Non scommettevano sulle loro partite, né hanno provato a truccarle, secondo le prime indicazioni dell’inchiesta che sta interessando almeno dodici giocatori di Serie A. Neanche tentavano di arricchirsi, visto che ciascuno di loro guadagna diversi milioni di euro a stagione. Lo facevano per noia e attraverso siti non legali, pagando i loro debiti di gioco con l’acquisto simulato di orologi di lusso. D’altronde, come riporta Agipronews, è l’unico modo per giocare senza essere individuati dal sistema legale del gioco pubblico, che detiene presso Sogei l’anagrafe di tutti i giocatori italiani ed è in grado di analizzare – attraverso l’azione di monitoraggio dell’Agenzia delle Dogane e dei concessionari – comportamenti, spesa e giocate di ciascun consumatore.

Ecco perché i calciatori sotto inchiesta si sono rivolti ai gestori di siti “paralleli” – privi di licenza e di ogni forma di controllo – che prosperano in un mercato che vale, secondo le stime dell’industria italiana, circa 20 miliardi di euro all’anno. È il black market del gioco online, ancora prospero malgrado le azioni e i controlli del Mef e i blitz delle procure di mezza Italia (l’ultimo in ordine di tempo tre giorni fa a Messina: 22 arresti). Un nemico invisibile e spesso difficile da individuare. L’Agenzia delle Dogane e dei Monopoli (Adm) ha inibito l’accesso, dal suolo italiano, a quasi 11mila siti di gioco illegali e accessibili ai giocatori italiani ma non basta per sconfiggere i criminali.

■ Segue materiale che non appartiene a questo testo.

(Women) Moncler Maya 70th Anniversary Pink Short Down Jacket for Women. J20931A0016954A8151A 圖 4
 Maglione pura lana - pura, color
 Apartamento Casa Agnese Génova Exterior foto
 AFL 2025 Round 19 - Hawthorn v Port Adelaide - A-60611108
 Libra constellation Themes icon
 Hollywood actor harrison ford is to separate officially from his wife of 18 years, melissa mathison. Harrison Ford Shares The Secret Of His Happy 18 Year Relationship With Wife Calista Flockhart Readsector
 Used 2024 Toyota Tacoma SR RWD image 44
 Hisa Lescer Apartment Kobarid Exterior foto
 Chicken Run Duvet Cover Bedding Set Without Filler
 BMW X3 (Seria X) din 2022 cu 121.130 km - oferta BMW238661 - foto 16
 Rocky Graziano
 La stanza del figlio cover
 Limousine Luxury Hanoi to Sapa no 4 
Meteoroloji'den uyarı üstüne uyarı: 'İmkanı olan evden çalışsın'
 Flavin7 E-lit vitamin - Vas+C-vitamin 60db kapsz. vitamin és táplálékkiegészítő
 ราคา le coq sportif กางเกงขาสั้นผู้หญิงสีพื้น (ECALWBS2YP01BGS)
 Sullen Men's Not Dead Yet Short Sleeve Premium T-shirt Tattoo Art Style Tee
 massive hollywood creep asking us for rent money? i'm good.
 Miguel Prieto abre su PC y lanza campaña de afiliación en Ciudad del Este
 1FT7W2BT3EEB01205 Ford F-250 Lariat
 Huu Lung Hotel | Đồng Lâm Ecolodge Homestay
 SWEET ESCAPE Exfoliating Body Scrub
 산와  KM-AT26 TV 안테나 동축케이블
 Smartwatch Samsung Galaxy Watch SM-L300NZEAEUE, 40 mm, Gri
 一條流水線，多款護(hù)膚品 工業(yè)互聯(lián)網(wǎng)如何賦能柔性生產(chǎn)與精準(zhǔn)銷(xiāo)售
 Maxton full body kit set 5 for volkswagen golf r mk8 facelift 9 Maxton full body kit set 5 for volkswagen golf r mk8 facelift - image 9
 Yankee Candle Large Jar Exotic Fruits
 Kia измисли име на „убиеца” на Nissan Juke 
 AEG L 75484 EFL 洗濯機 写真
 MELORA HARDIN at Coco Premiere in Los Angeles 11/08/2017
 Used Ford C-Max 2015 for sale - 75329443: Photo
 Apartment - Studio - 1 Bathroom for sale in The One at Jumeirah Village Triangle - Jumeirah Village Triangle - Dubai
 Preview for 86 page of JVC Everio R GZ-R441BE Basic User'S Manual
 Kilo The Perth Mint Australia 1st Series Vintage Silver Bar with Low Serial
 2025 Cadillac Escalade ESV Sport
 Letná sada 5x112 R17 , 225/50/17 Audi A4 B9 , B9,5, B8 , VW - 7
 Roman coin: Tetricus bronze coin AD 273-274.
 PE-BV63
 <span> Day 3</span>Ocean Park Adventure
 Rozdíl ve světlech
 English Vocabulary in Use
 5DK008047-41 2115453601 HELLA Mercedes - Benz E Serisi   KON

I vantaggi per chi gestisce giochi fuori dalle regole sono cospicui: quote più alte per le scommesse e vincite più alte per quanto riguarda i casino games, minori vincoli (dalla registrazione ai limiti delle puntate, dalle attività di gioco ai palinsesti consentiti) e, in generale, meno possibilità di controllo: ad esempio, i giocatori bannati per comportamenti irregolari sui siti .it, potranno trovare strada libera verso i siti .com. D’altronde, prosegue Agipronews, si tratta di veri e propri “porti franchi” virtuali: le transazioni di gioco si svolgono spesso in contanti o utilizzando il paravento del finto acquisto di beni (come nel caso dei Rolex a Milano), alla faccia di tutte le normative nazionali ed internazionali – vecchie e nuove – sul riciclaggio. Non solo. Le pagine del “Chi siamo” o dei “Contatti” dei siti offshore sono spesso “blank” o con informazioni troppo generiche per poter essere utili agli utenti. La tutela del giocatore – in caso di controversia su un’eventuale vincita – è di fatto inesistente, in quanto l’unico riferimento risulta essere la società titolare della licenza, magari con sede in un paese dei Caraibi a bassa tassazione e senza troppi controlli delle autorità. Tutto il contrario del sistema legale in vigore in Italia, che prevede una lunghissima serie di adempimenti a carico degli operatori autorizzati e una serie di garanzie – normative e finanziarie – per  tutelare giocatori e fisco.